Leur choix repose sur quelques certitudes simples :
Une secrétaire humaine est contractuellement liée. La clause de confidentialité dans notre contrat est un engagement juridiquement opposable. En cas de manquement, il y a un responsable identifié, une procédure, des recours. Ce n’est pas le cas avec un algorithme.
Nos données restent en circuit fermé. Vos fichiers audio transitent via notre espace client sécurisé, sont traités par votre secrétaire dédiée, et ne circulent pas sur des plateformes tierces. Pas de serveurs américains, pas d’entraînement algorithmique, pas de stockage opaque.
Nous sommes conformes au RGPD. Nos engagements contractuels incluent les obligations de traitement des données personnelles conformément au droit européen.
La qualité est contrôlable. Si un document pose problème, vous avez un interlocuteur humain qui corrige, explique et s’améliore. L’IA ne vous rappelle pas.
La vraie question pour un avocat
Ce n’est pas : « L’IA est-elle pratique ? » Elle l’est, dans certains contextes.
La vraie question est : « Suis-je en mesure de garantir à mon client que les informations qu’il m’a confiées n’ont pas été exposées à un tiers non autorisé ? »
Si la réponse est incertaine — parce que vous avez utilisé un outil grand public, parce que vous n’avez pas lu les conditions générales du service, parce que vous ne savez pas où vos données sont stockées — vous êtes dans une zone de risque que votre barreau pourrait un jour qualifier de manquement.
Notre position
Nous ne sommes pas contre l’IA. Nous l’utilisons comme outil interne dans notre organisation. Mais nous n’interposons jamais un algorithme opaque entre un avocat et ses données clients sans contrôle humain qualifié.
Nos secrétaires juridiques sont basées à Maurice, Madagascar et Rodrigues. Diplômées, formées au droit français et belge, soumises à des obligations contractuelles de confidentialité, elles traitent vos documents comme une collaboratrice interne le ferait — avec la même discrétion, la même rigueur, et la même responsabilité.
Bientôt 20 ans que des cabinets d’avocats nous font confiance sur des dossiers sensibles.

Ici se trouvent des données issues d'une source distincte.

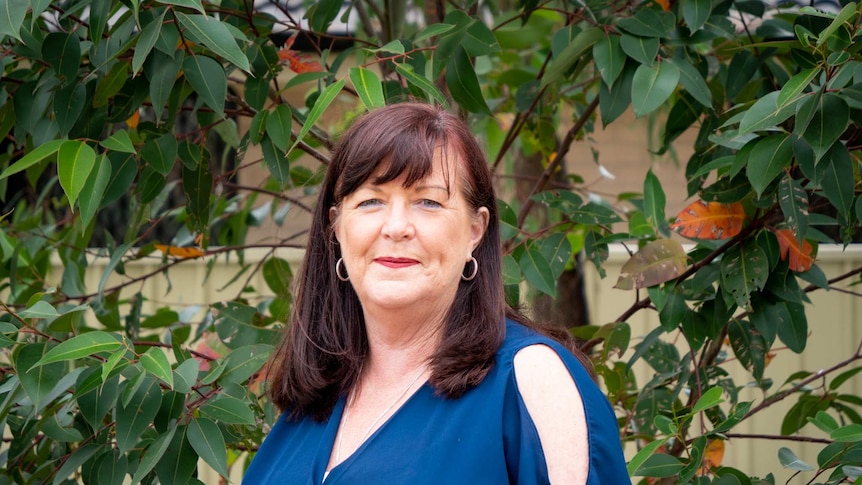 Kerrie Foord smiling, standing in front of a treet and wearing a blue top.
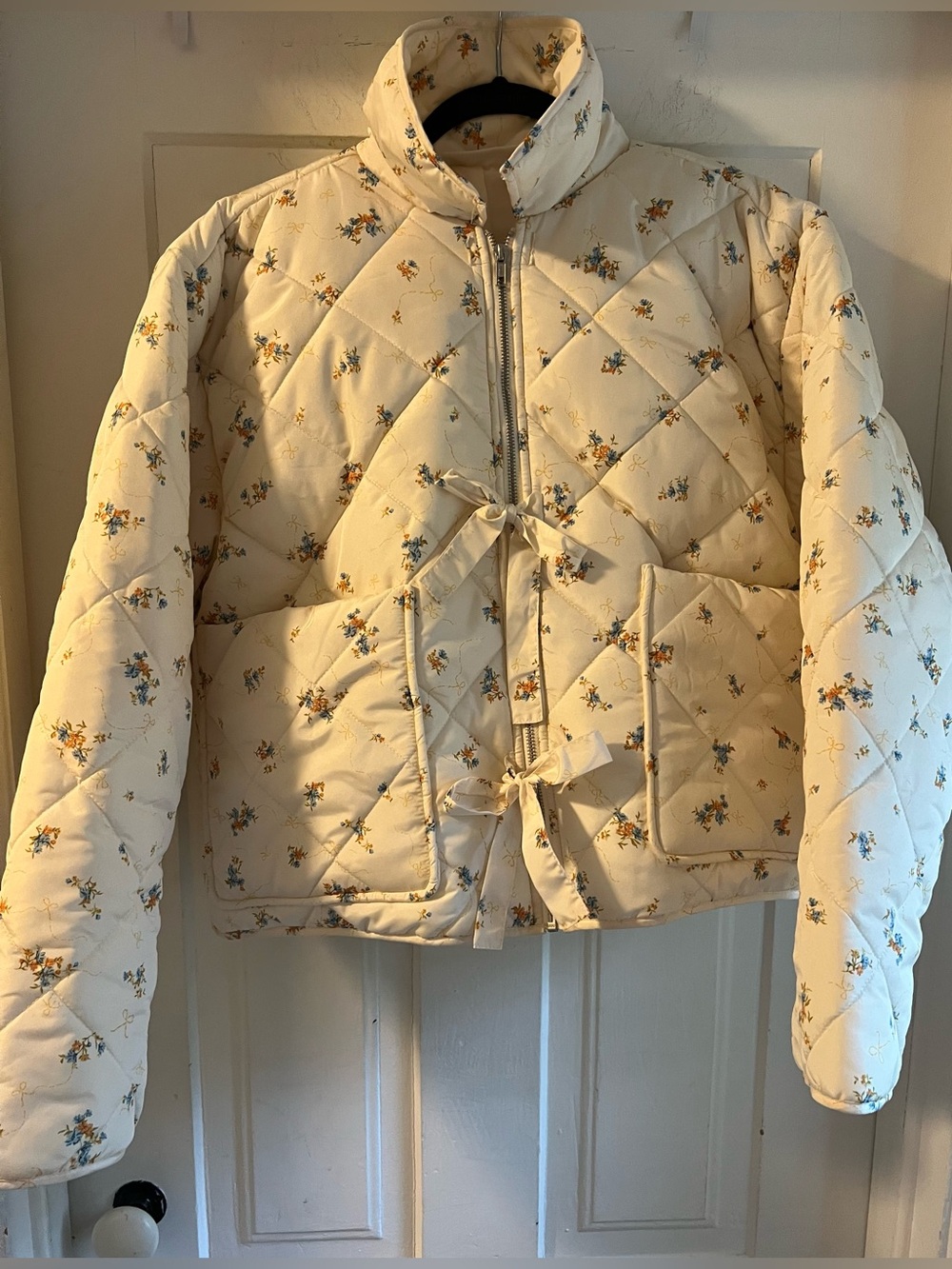 No Boundaries Cream Quilted Jacket with Floral Accent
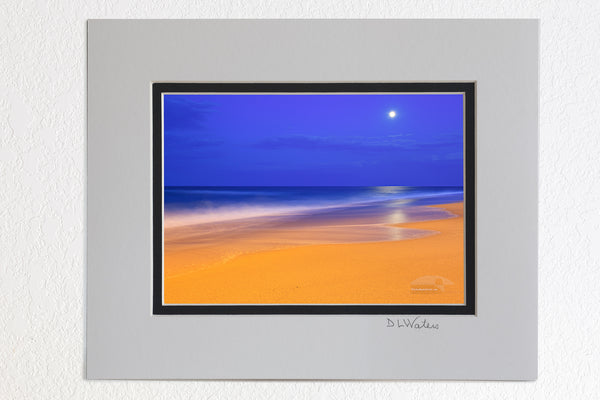 5 x 7 luster prints in a 8 x 10 ivory and black double mat of These colors are pretty much how I saw  them.  The yellow on the beach is from an incandescent spotlight shining from Kitty Hawk pier. The blue in the sky is the natural twilight color. I had to use a long exposure to gather enough light. The waves became very soft as they moved during the exposure.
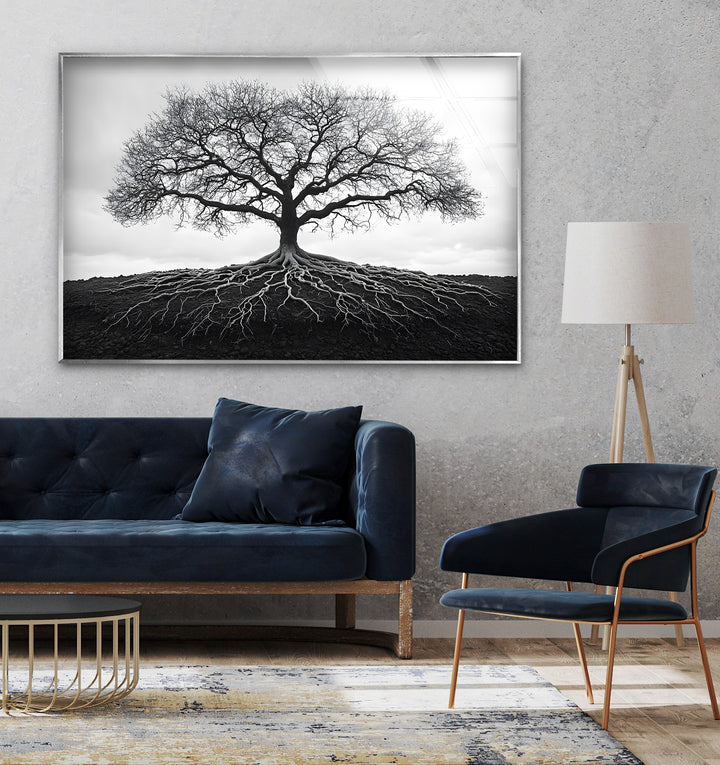 High-contrast black and white glass wall art of a majestic tree with detailed roots symbolizing growth.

Cette confiance ne s’improvise pas.
Conclusion
L’IA progresse vite. Les garanties de confidentialité progressent moins vite. Pour un avocat soumis au secret professionnel, l’écart entre les deux est un risque réel — pas théorique.
Choisir une secrétaire juridique humaine externalisée, c’est choisir la certitude sur la commodité. C’est un choix que nos clients ont fait, et qu’ils ne regrettent pas.